如此惺惺作态,老者厭惡的睥了他一眼,大手一揮,戚家英就消失在第七層了。
“小丫……子,你想不要老夫的傳承啊?”老者笑眯眯的對雲熙說,他剛才差點喚她小丫頭了,也許他根本就是故意的。
雲熙左右看了看旁人的神色,這老人家要把傳承給她嗎?
她拘謹的上前兩步,大義凜然的說:“我對傳承這東西……其實并不感興趣。”
言下之意是拒絕了,雲熙有些擔憂老者會因此動怒,沒料到老者爽朗的笑聲劈頭而下,少了那些煩人的蒼蠅,老者顯得更加平易近人了。
“我想傳給你也傳不了啊,我是武師你是法師,文不對路啊!”老者明顯是在捉弄雲熙,辛虧她沒有貪欲,否則就鬧笑話了。
“前輩好興致,盡愛捉弄我們。”
老者聞言笑意更濃了,這丫頭嬌嗔的樣子很是可愛(他看到的是雲熙本來的樣子),他先是诓戚家英而後又捉弄她,難為她有膽色反過來打趣他,不愧為東方撫親自教導的人。
“東方撫的傳承不給你還能給誰,你自然不必強求。
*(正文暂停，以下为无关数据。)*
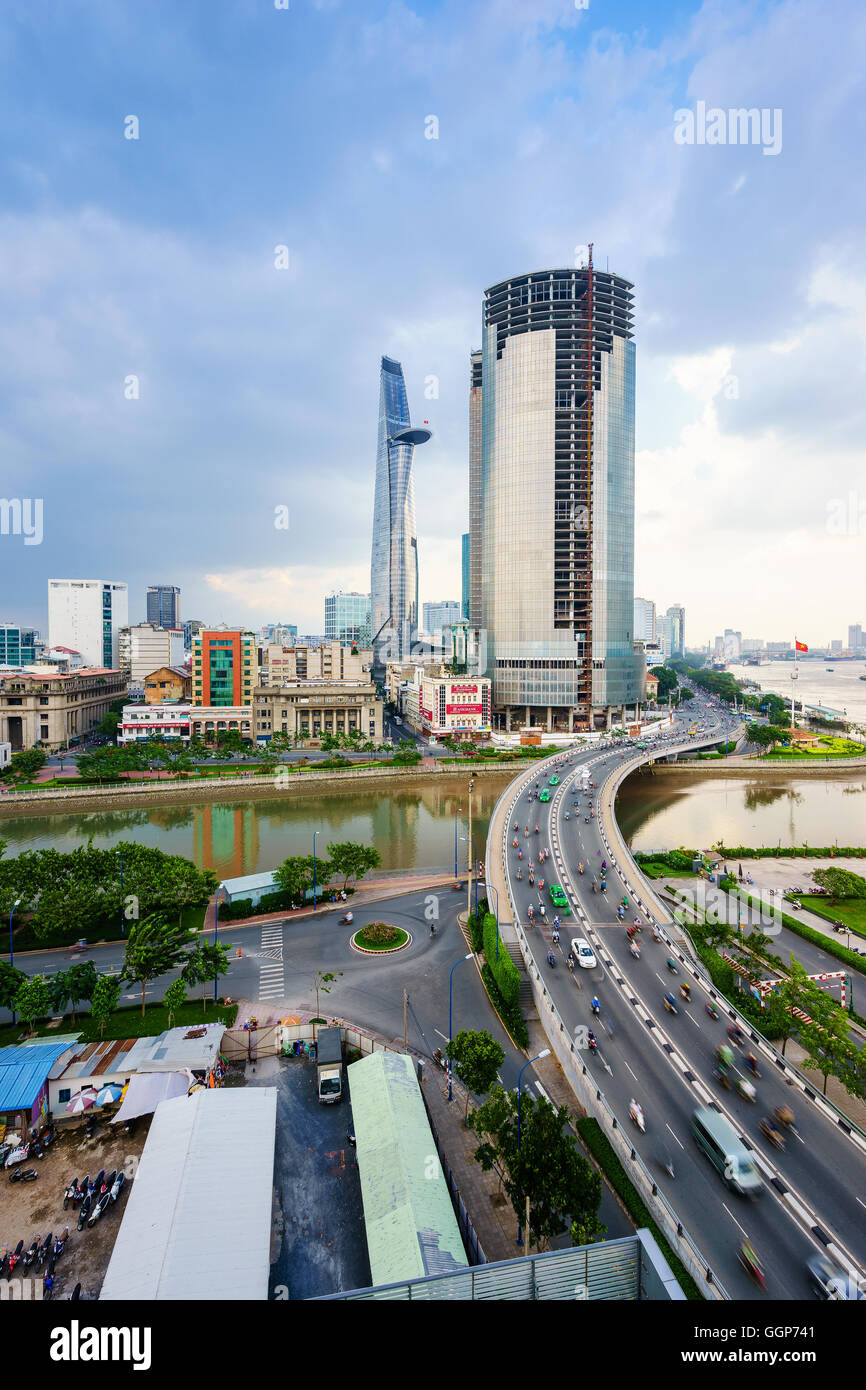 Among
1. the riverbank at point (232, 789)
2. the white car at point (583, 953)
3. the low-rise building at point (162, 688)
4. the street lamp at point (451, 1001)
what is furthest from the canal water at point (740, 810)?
the low-rise building at point (162, 688)

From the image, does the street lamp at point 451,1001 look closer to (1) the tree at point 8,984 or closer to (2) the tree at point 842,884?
(1) the tree at point 8,984

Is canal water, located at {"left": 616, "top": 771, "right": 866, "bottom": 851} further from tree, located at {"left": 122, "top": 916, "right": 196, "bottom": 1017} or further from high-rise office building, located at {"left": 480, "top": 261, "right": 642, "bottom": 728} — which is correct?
tree, located at {"left": 122, "top": 916, "right": 196, "bottom": 1017}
”老者又将目光投向陌淩奕,此子氣質絕然,成就非凡,他開創了牧師煉制輔助修煉丹藥的先河,真是後生可畏。
“小子,你懷裏的那本書,可否給老夫看看?”
陌淩奕擡手覆在自己的胸前,那裏的确有本書,那是當初雲熙給他的那本《牧師秘籍》,他一直随身攜帶着,是他最珍貴的東西。
陌淩奕吞了口口水,聖級強者這般厲害,自己身上有什麽東西都能知道,手指在胸前摩挲了半天他還是伸手探入衣襟,拿出那本被他用綢緞包裹悉心保管的書,十分不舍的遞了出去。
這老者會還給他的吧?
老者虛手一抓,書就落入手心,解開綢緞翻閱書籍,潦掃幾頁後就合上書本,原封不動的包裹好,擡手遞給陌淩奕。
“此套書在老夫那個時代可是引起過一場腥風血雨啊,不過最為出名的不是這本,另外兩本都是絕世孤品,你從何處得到此書?另外兩本又在何處?”
陌淩奕将書放入懷裏貼身藏好,用餘光偷偷看了雲熙一眼,牙齒輕咬了下下唇,回答道:“這本書乃是我一位好友贈予我的,另外兩本,應該都在她那裏。”
“哦?那她現在在何處?”
陌淩奕情緒上湧,雲熙給他書的那次,竟然就是他們的最後一次會面,心裏五味雜陳的很難受,語調也顯得略微悲戚:“她……應該不在人世了吧。”
老者點點頭,看來那兩本書,又失去了蹤跡了。
“除了他們三人,你們都并不符合接受我的傳承,這裏面看重什麽東西,稍後向得到我傳承的人讨要就是,這座塔裏所有的東西,我都将贈送給他。”
老者指的三人,正是鳳楚央、鳳井川和天狼,老者的職業,是武師。
“真的嗎?三層的那些書,我都能帶走嗎?”諸葛東雲最為興奮,他日思夜想那些書,不能閱讀真是人生一大憾事。
“你這小家夥聰明有餘,情商不足,要改!”
老者毫不客氣的教訓諸葛東雲,他耷拉着腦袋一點脾氣都沒有,絕對碾壓下你就是條龍,也得卧着。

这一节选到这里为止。